Reading: Matthew 2: 1-12

Verse 11: “They saw the child with his mother Mary, and they bowed down and worshiped him”.

Coming from afar the Magi travel to find the source of the star’s appearing. We do not know a lot about the Magi but we do know they have a connection to the divine. We can assume things about them, but we do know that God drew them to Jesus and that they brought gifts and worshiped him. To me, the wise men are a bit like the first disciples. Instead of fishing by a lake, they are back home studying the skies. Suddenly they hear God’s call to come and see – and they do!

Our encounters with God and on God’s behalf most often come to us in this way too.
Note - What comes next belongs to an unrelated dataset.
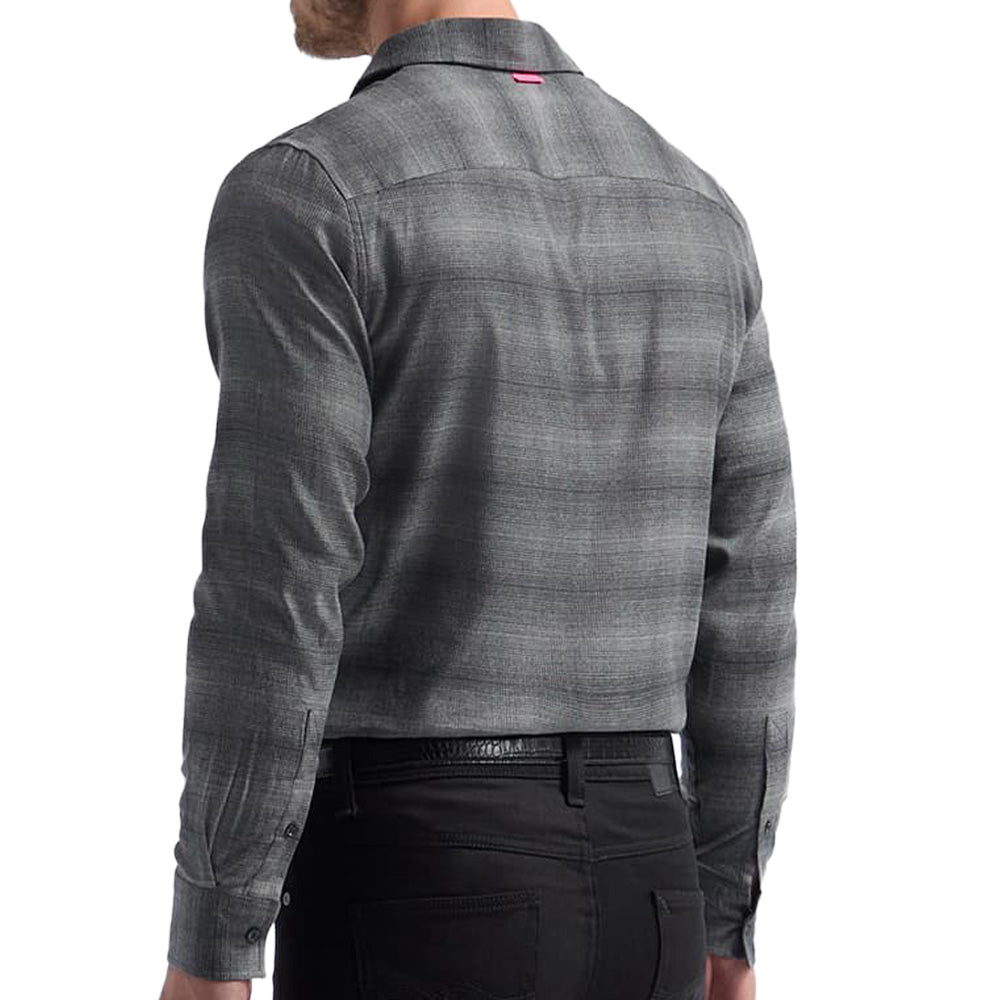 Italian Shadow Plaid Long Sleeve Shirt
Our normal day turns into something extraordinary when God drops into our lives. The Holy Spirit nudges or whispers and we find ourselves right in the middle of God’s work in the world – if we are brave enough to go when God says come and see. Evil may try to derail what is happening – like with Herod and the Magi – but if we stand firm in our faith and keep our ear and heart tuned to the lead and guide of the Holy Spirit, we too will be just fine. It is when we listen to the voices and are distracted by the bright shiny objects that we wander off instead of following the light of the world.

Like the Magi with that star, if we follow Jesus then we too will be blessed. In those God moments we will see Jesus in others and will know that God has touched our lives once again. And like the Magi, we will worship and give our praise to God. May it be so. Merry Christmas!

Prayer: Father God, the Magi traveled far, to an unknown end, seeking to answer your call. Make me as willing. Amen.